This is the **fifteenth script to run** in the workflow.  

# Merge Harmonised Eurobarometer Surveys (2007–2022)

This script consolidates multiple **harmonised Eurobarometer surveys** into a single dataset covering **2007–2022**.  

---

## Data Source  
The original Eurobarometer datasets were downloaded from the official **GESIS Eurobarometer Data Service**:  
👉 [GESIS – Eurobarometer Data Service](https://www.gesis.org/en/eurobarometer-data-service/survey-series/topics#:~:text=Natural,-Resources%3A%20Energy)  

---

## Harmonisation Process (done in Stata)  
Before merging, each survey wave was **harmonised in Stata** into a standard format with the variable `climate_risk_perception`.  

### Key Details:
The harmonisation was implemented in the do-file: `eurobarometer_harmonization`.

In [None]:
import pandas as pd
import os

# === Input folder containing harmonised Eurobarometer CSVs ===
in_path = "insert/your/path/"

# === List of harmonised CSV files to merge ===
# Each file corresponds to one Eurobarometer wave (already harmonised).
files = [
    f"{in_path}/EB68.2_2007_harmonised.csv",
    f"{in_path}/EB71.1_2009_harmonised.csv",
    f"{in_path}/EB75.4_2011_harmonised.csv",
    f"{in_path}/EB80.2_2013_harmonised.csv",
    f"{in_path}/EB83.4_2015_harmonised.csv",
    f"{in_path}/EB88.1_2017_harmonised.csv",
    f"{in_path}/EB92.4_2019_harmonised.csv",
    f"{in_path}/EB95.1_2021_harmonised.csv",
    f"{in_path}/EB97.3_2022_harmonised.csv",
    f"{in_path}/EB2020_harmonised.csv"   # Special survey from 2020
]

# === Load each file into a DataFrame ===
dfs = [pd.read_csv(f) for f in files]

# === Concatenate all waves vertically into one dataset ===
merged = pd.concat(dfs, ignore_index=True)
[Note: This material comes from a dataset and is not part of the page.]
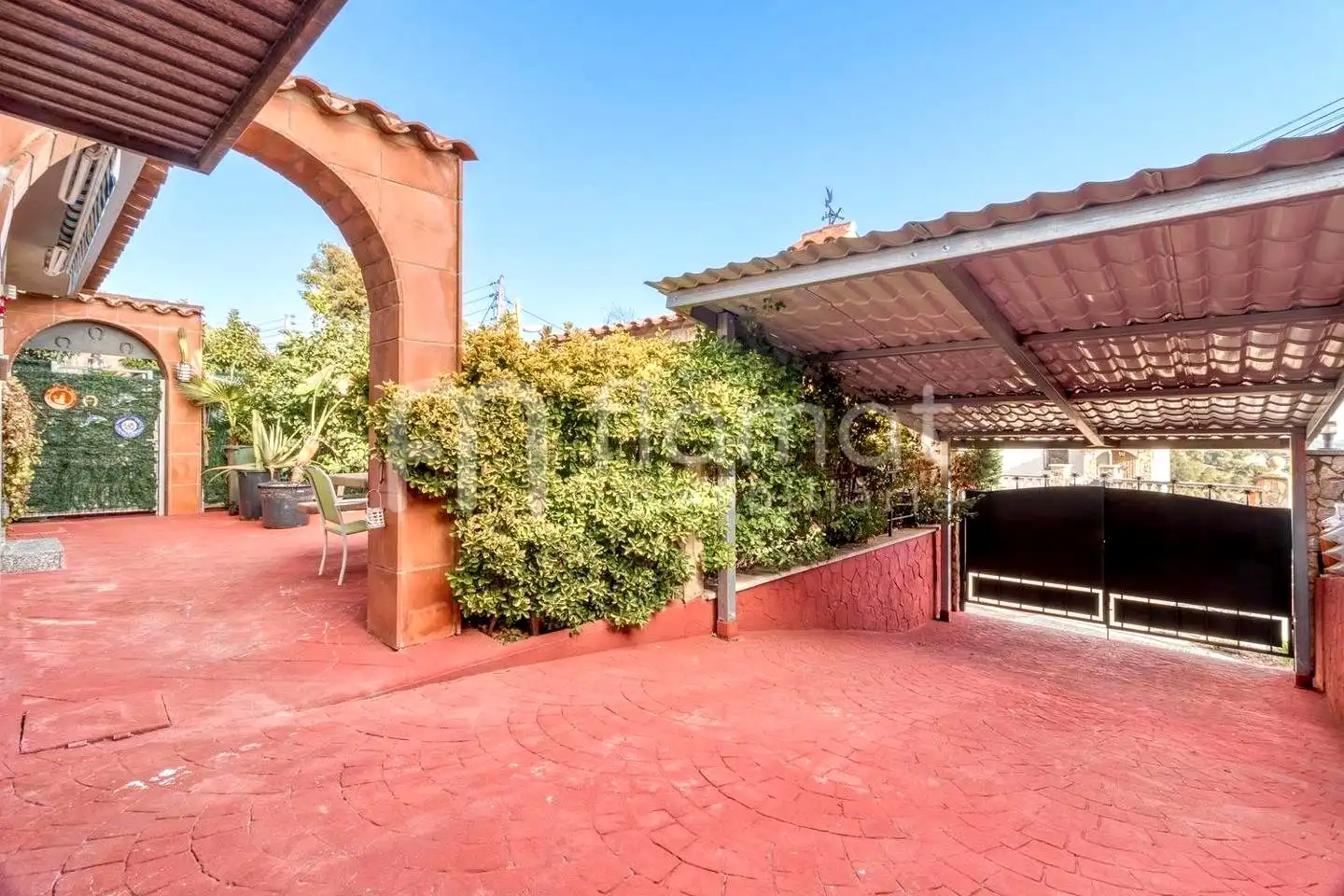 Vista exterior de Casa o xalet en venda en Tordera amb Terrassa i Piscina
# === Sort by country and survey year (if these columns exist) ===
sort_cols = [c for c in ["country", "eb_year"] if c in merged.columns]
merged = merged.sort_values(by=sort_cols).reset_index(drop=True)

# === Save the merged dataset to CSV ===
out_path = f"{in_path}/EB_merged_2007_2022.csv"
merged.to_csv(out_path, index=False)

print(f"Merged dataset saved to {out_path}")

This is the **sixteenth script to run** in the workflow.  

# Eurobarometer Climate Risk Perception – Interpolated Panel (2004–2025)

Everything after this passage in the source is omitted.